The Asus VG248QE certainly looks the part. It has a very neat and unfettered appearance with a strurdy looking plastic stand. You can get tilt on this to 15 degrees and a 90 degree range of swivel with a grounded feel to the stand (it doesn’t slide about like some poorer quality screens). It can rock the golden standard of resolutions – 1920×1080, required to get the best out of most games without taxing rigs too much.
The housing for the panel is a pleasantly chunky cabinet dressed in a smooth matte black design. It’s a simple look and we appreciate the fact that it’s not a piece of gaming gear draped with garish designs and lights.
The screen has a respectable range of color warmth and brightness which you’ll want to make best use of to tailor to the games you play (I’m looking at you murky horror games like Amnesia!).
It’s a good thing that there is a decent range on the stand as a sadly common downside with this Asus screen is the need to be zeroed in like a laser on the screen to get the best result. We saw a sad drop in the warmth and accuracy of the screen if we were even a few degrees away from straight on.
It’s not a fault that is a deal breaker by any means but if you tend to adjust your slouch from time to time as you play your games you might find yourself frustrated at the need to adjust to get the most out of the screen.
Thankfully the stand can be taken off and will work with VESA mounting units so that you can place it on your wall – as it’s not too chunky by any means this is a tempting option to save space and make adjustments a little easier.
The menu is about what you could expect from a competitively priced monitor. You have buttons located on the edge of the monitor that let you switch through your standard options – color, contrast, brightness and gamma.
We didn’t see too much of a difference with this switched on although it should prove useful for very twitchy games that require a high degree of accuracy in input.
The speakers are average. The integrated units provide a reasonable level of sound output that isn’t by any means bad but does suffer from the dreaded lack of bass syndrome. As most PC or console gamers make use of headsets with mics we wouldn’t advise this to be a serious downside in your considerations.
The I/O ports are reasonable. You can see on the bottom of the screen that there are ports for DVI, HDMI and DisplayPort. Sadly we can’t see any VGA input here and we can see an irritating lack of USB 2.0 ports. That isn’t required by any means but for some extra peripherals it’s a helpful feature to have.
Let’s talk performance
Great stuff. The VG248QE showed its legs here and handled our gaming stress tests admirably. The refresh rate is fantastic on this screen and you can’t argue with a single millisecond of pixel response.

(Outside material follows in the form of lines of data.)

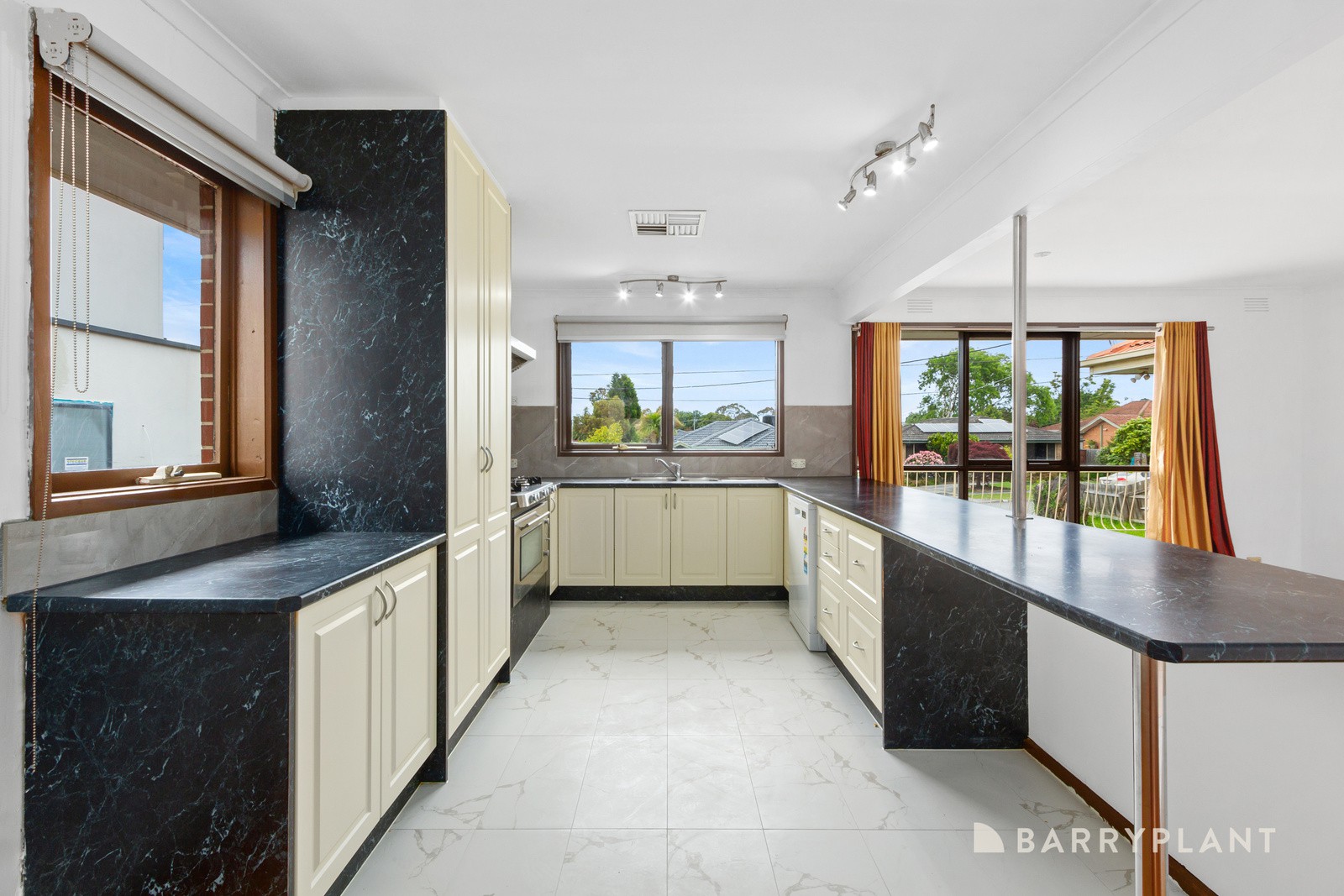 6 Bamba Court, Scoresby, VIC 3179, Scoresby - Thumbnail 2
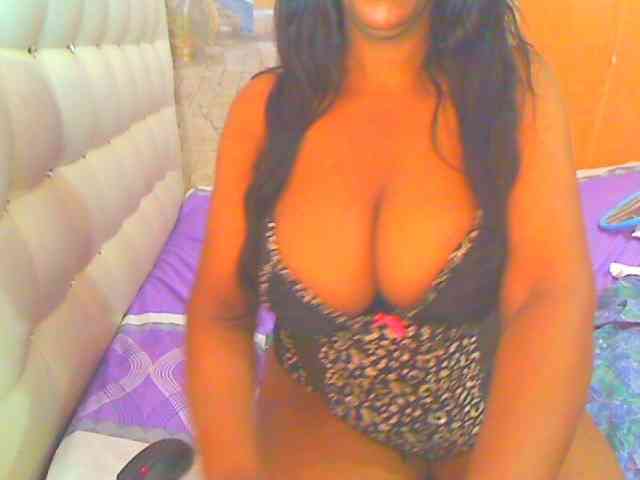 HOTLILLIE webcam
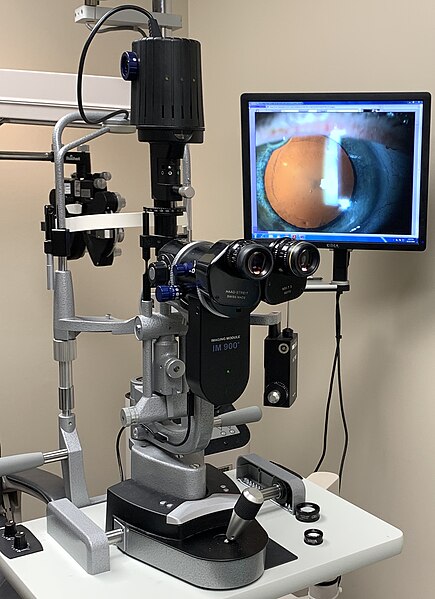 File:Slit lamp and binocular microscope.jpg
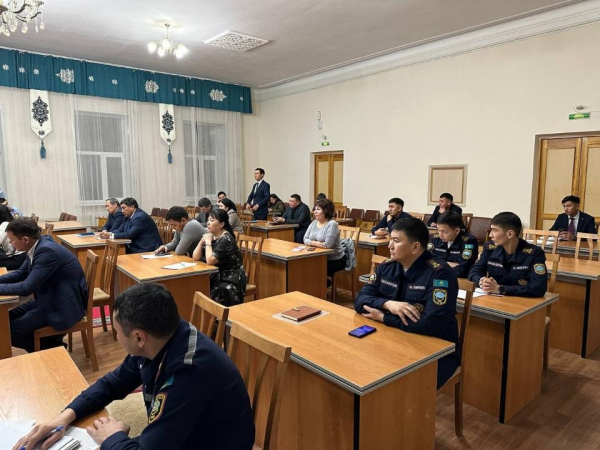 Безопасность в зимний период: В Семее состоялось плановое заседание комиссии по ЧС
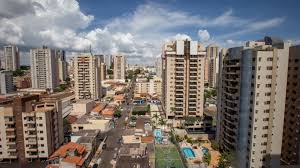 O lockdown mais duro vai vigorar inicialmente até as 23h59. T6fya0gv0bpkm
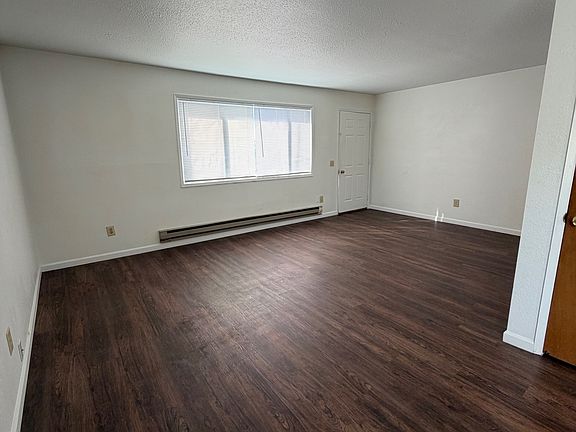 3rd image of 2751 Myrtle St APT B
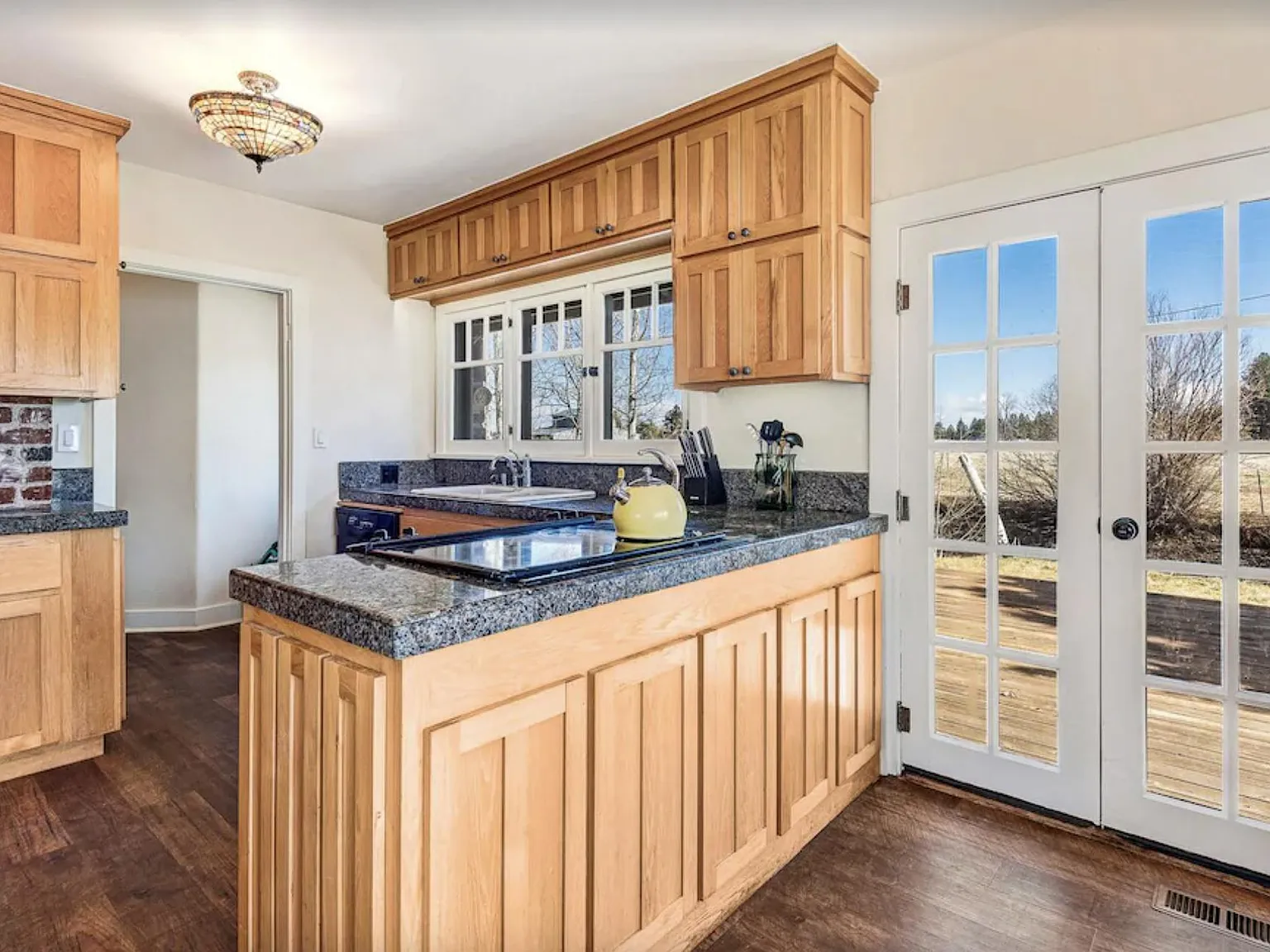 4 bed, 2000 sqft, $3,950 — Photo 2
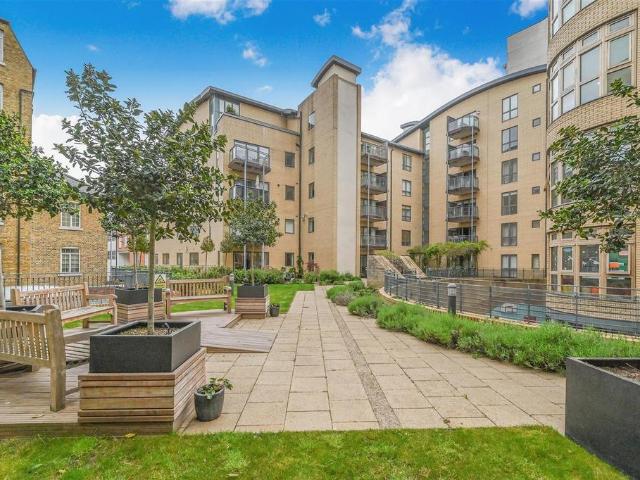Flat for sale in Paddington, Greater London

We ran a standard set of games through it on both PC and console – Crysis 3, GTA V on the PS4 and Battlefield 4 to name a few. All looked wonderful with the screen set up at the right angle – colors were smooth and distinct and even usual culprits like Battlefield had minimal stutter while still retaining a very respectable level of input accuracy.
The available color presets are surprisingly well adjusted but the accuracy of the overall palette does leave us feeling a little lacking. Testing for this screen has shown it performs exceptionally well in luminescence and clarity of RGB colors as well as depth of black areas on the screen.

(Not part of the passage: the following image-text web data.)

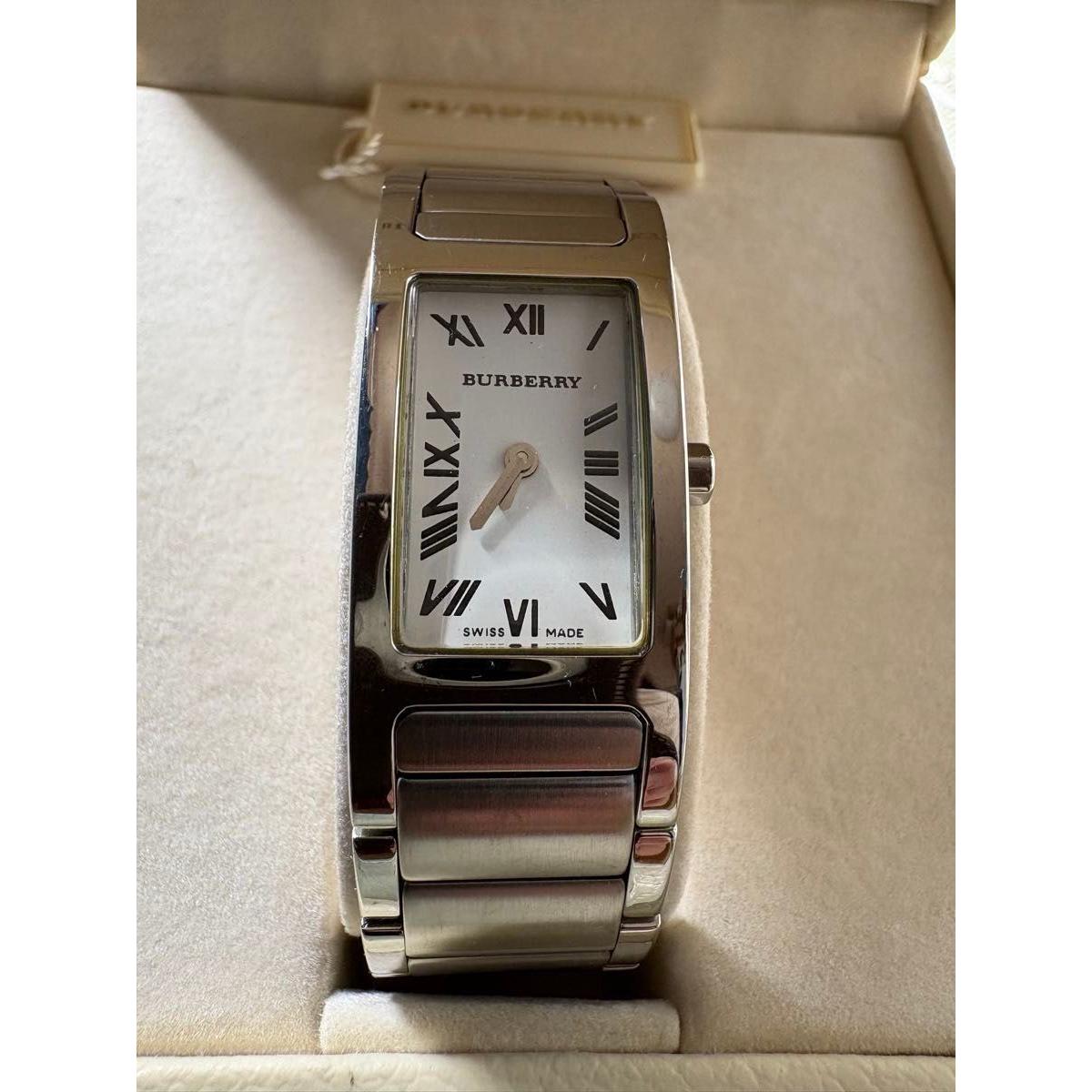 Used BURBERRY watches ladies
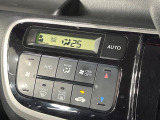 【オートエアコン】一度お好みの温度に設定すれば、車内の温度を検知し風量や温度を自動で調整。暑い&hellip;寒い&hellip;と何度もスイッチ操作をする必要はありません。快適な車内空間には必須の機能ですね♪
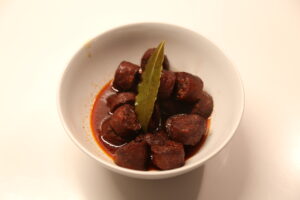 Chorizo al vino (1)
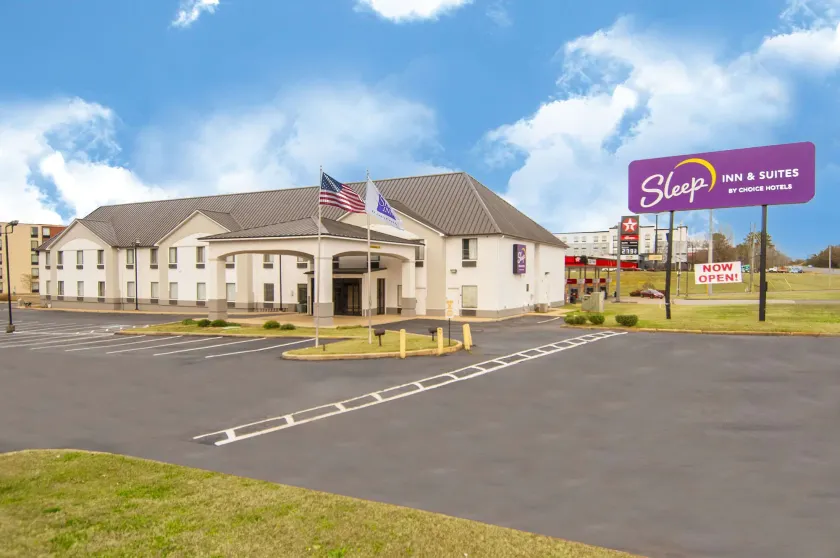 Sleep Inn & Suites Tuscaloosa East - Image 1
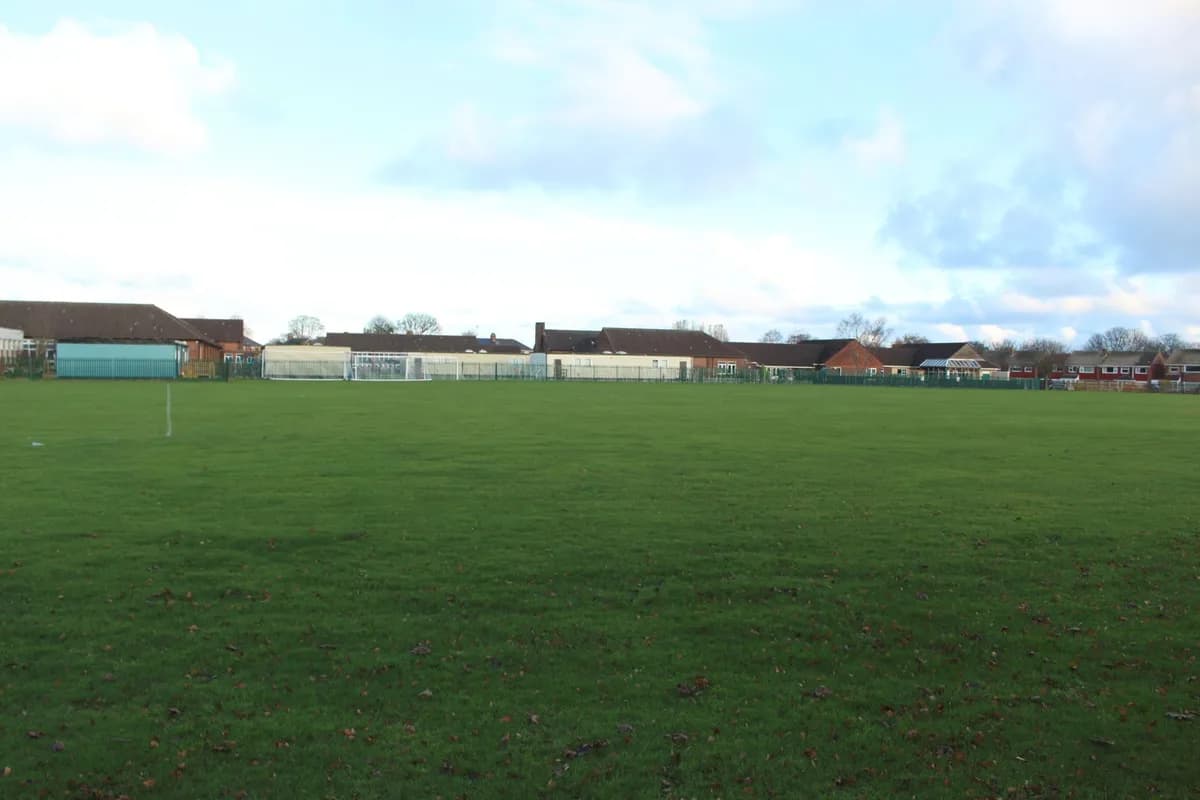 Wellfield School, Wingate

We’re extremely pleased with the sharpness and ease at which you can adjust the ratios and contrast on this Asus monitor. It’s best to keep the ranges close to the factory standard as while you have the option to push up contrast and gamma it will quickly wash out all the georgeous colors this monitor has to offer.
It seems you can’t escape some common flaws in many modern gaming monitors. The holy grail of angles is an issue we see time and again with most mid-range offerings and this Asus screen is no exception. It does make up for this with lovely brightness and ambient light display.
What we do say ultimately is that the performance is fantastic where it matters. Response is impressive with the screen very clearly giving a crisp response and feel even when playing highly demanding games with varying color palettes.
It’s also complete with a good range of general features, although it is lacking in USB ports. Ultimately, for the price, it’s a serious winner and we reccomend consideration of it when it comes to making your next battle station upgrade.